In liberalism as well as in the corresponding type of ecological theory, the essential characteristics of individuals are in principle independent of other individuals and of the whole of society. The formation of society comes as a result of individuals’ interactions and their competition for scarce resources. Competitors develop certain behaviours to avoid competition, most notably specialization (or technical/behavioural improvements). Individuals also cooperate and thus mitigate competition or gain advantages over others (Nonnenmacher, 1989: 90 f.). In liberalism, the state has the purpose of securing and optimizing these interactions between individuals. Through socialization—in the form of interactions or a social contract—the individual gains advantages for him/herself. Society or socialization is beneficial or harmful solely from the perspective of the individual.

(b) The development of the liberal society—as well as that of each individual—has no fixed endpoint; it is in principle unfinished and open-ended. However, it can be said that the goal of progress is the emancipation of the citizens, i.e. detachment from their initial conditions and constraints. According to Adam Smith (1776), free competition in the market is the engine of progress for society and innovation. Within the market various niches differentiate themselves, leading to specialization and differentiation in both resource use and production and thereby allowing competition to be avoided. A division of labour emerges, which enables more effective production. Even if the intentions of the individuals are particular and egoistic, and their actions are not intentionally directed towards society, the economic common good of all is nevertheless and precisely because of their interplay. Besides, freedom of opinion and pluralistic dissent are also necessary for social progress.

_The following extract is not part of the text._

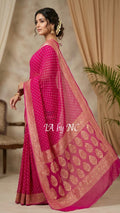 Rani Banarasi Pure Khaddi Georgette Saree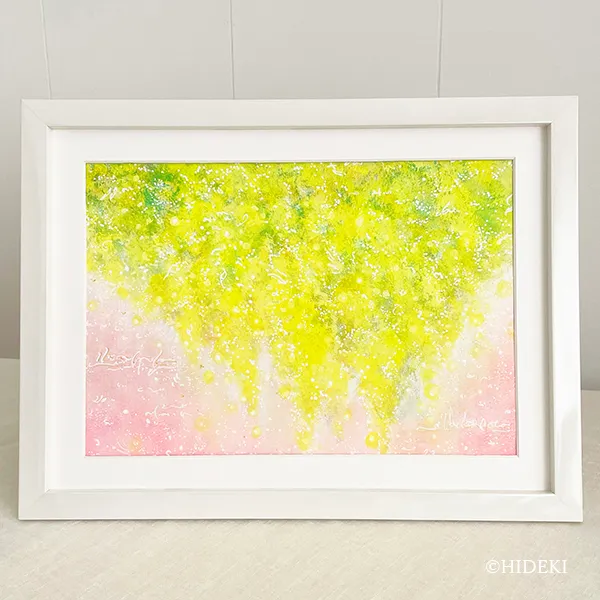 幸せを呼ぶミモザ－ピンク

Individualistic ecological theories express development in a similar way. Even if the species composition of a community does not change significantly over a long period, new competitors or predators could appear at any time due to migration, evolution or behavioural change. Additionally, the abiotic conditions can change in such a way that the interspecific network of relationships also changes. “Stability of all vegetational causes never exists: physiographic changes never cease; climatic changes are probably always in operation; evolution of species is probably as rapid now as in any past period in the history of vegetation; migration of plants is constant” (Gleason, 1927: 322). Development is open and ‘unfinished’, and not, as in organicism, a goal-oriented development toward a stable climax.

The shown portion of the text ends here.